Also in 2002, the NDP set up a national Youth Committee. Dr. Mohammed Kamal, who holds a PhD in international relations from Johns Hopkins University, was appointed to head it. So far, the going has been rough for Kamal. Over the past three years, the sharp 30-something executive has proposed many youth-oriented ideas. But in Egypt's centralized regime, he is unable to implement many of them.
In an interview with The Jerusalem Post days after Mubarak was elected to his fifth term, Kamal said his main achievement was that "most ministries now try to integrate youth policy into their own policies."
His big success to date came earlier this year, when he introduced mortgages to Egypt so that young men could buy homes without having to pay all the money up front. But interest rates are still too high to help young couples, Kamal lamented.
Creating more jobs, more housing and more democratic government is beyond his power, however. Only Mubarak can do that. "The president has promised," Kamal said.
Meanwhile, Mubarak's son, 41-year-old Gamal, has established and chairs the Future Generation Foundation, a non-profit organization that provides youth with practical competitive skills - such as English, computers, and management - that are needed in modern businesses but are not taught properly in Egypt's overcrowded tuition-free universities.

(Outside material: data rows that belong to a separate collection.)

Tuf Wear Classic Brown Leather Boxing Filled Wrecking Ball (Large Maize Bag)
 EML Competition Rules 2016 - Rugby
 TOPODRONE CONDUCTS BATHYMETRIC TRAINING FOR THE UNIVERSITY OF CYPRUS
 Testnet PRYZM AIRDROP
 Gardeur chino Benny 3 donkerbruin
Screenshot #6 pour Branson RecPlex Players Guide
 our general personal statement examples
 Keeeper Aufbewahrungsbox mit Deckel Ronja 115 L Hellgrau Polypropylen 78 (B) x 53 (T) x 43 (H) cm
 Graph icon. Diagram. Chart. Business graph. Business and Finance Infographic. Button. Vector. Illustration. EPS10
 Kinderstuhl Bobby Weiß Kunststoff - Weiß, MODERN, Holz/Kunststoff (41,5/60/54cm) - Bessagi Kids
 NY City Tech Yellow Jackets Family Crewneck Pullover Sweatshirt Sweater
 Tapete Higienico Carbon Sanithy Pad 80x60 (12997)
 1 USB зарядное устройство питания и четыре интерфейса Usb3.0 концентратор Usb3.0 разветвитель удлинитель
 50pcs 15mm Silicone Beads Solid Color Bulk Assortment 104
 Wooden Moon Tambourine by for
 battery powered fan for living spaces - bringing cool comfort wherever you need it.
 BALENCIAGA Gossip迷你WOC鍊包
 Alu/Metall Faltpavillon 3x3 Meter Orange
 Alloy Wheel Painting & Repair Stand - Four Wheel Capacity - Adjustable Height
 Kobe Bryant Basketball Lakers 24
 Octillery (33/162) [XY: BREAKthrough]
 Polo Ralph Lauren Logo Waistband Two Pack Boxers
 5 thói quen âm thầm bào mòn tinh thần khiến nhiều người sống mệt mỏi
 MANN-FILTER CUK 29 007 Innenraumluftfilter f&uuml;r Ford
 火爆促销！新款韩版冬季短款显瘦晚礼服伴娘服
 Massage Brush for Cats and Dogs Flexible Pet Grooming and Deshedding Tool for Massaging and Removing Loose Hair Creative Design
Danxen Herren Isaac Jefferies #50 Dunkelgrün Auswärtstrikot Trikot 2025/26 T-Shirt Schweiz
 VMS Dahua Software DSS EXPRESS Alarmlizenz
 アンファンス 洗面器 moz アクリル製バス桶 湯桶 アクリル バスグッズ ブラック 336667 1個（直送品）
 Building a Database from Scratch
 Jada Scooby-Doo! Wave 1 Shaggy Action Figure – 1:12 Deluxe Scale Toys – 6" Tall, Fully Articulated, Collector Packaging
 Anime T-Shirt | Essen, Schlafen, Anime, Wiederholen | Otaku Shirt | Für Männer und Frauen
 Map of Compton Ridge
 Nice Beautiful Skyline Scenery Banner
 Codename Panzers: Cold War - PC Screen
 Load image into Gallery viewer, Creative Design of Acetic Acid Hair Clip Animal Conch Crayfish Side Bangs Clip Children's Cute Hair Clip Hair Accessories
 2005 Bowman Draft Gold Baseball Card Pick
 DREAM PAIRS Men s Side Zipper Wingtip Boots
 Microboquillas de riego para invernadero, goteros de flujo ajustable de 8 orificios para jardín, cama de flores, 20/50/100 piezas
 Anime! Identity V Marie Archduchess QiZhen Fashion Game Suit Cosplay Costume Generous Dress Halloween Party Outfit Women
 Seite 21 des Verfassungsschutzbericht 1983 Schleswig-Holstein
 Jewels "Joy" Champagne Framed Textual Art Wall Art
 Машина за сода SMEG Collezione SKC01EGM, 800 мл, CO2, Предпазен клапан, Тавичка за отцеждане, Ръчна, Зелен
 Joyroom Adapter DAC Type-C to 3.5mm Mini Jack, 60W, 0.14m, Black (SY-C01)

Gamal, who increasingly appears to be his father's likely replacement, was appointed by his father to be the NDP's general secretary of the Policy Committee - the third most powerful position in the party - and has made a series of speeches on behalf of the party outlining his plans for greater democracy, freedom of expression and higher living standards. Emphasis is on the younger generation.
These changes are significant, said Meital. "We are in a historical phase. We cannot ignore that we are now living in an atmosphere of change," he said. "But it's too early to know whether it will be a success," he added. "It can go either way."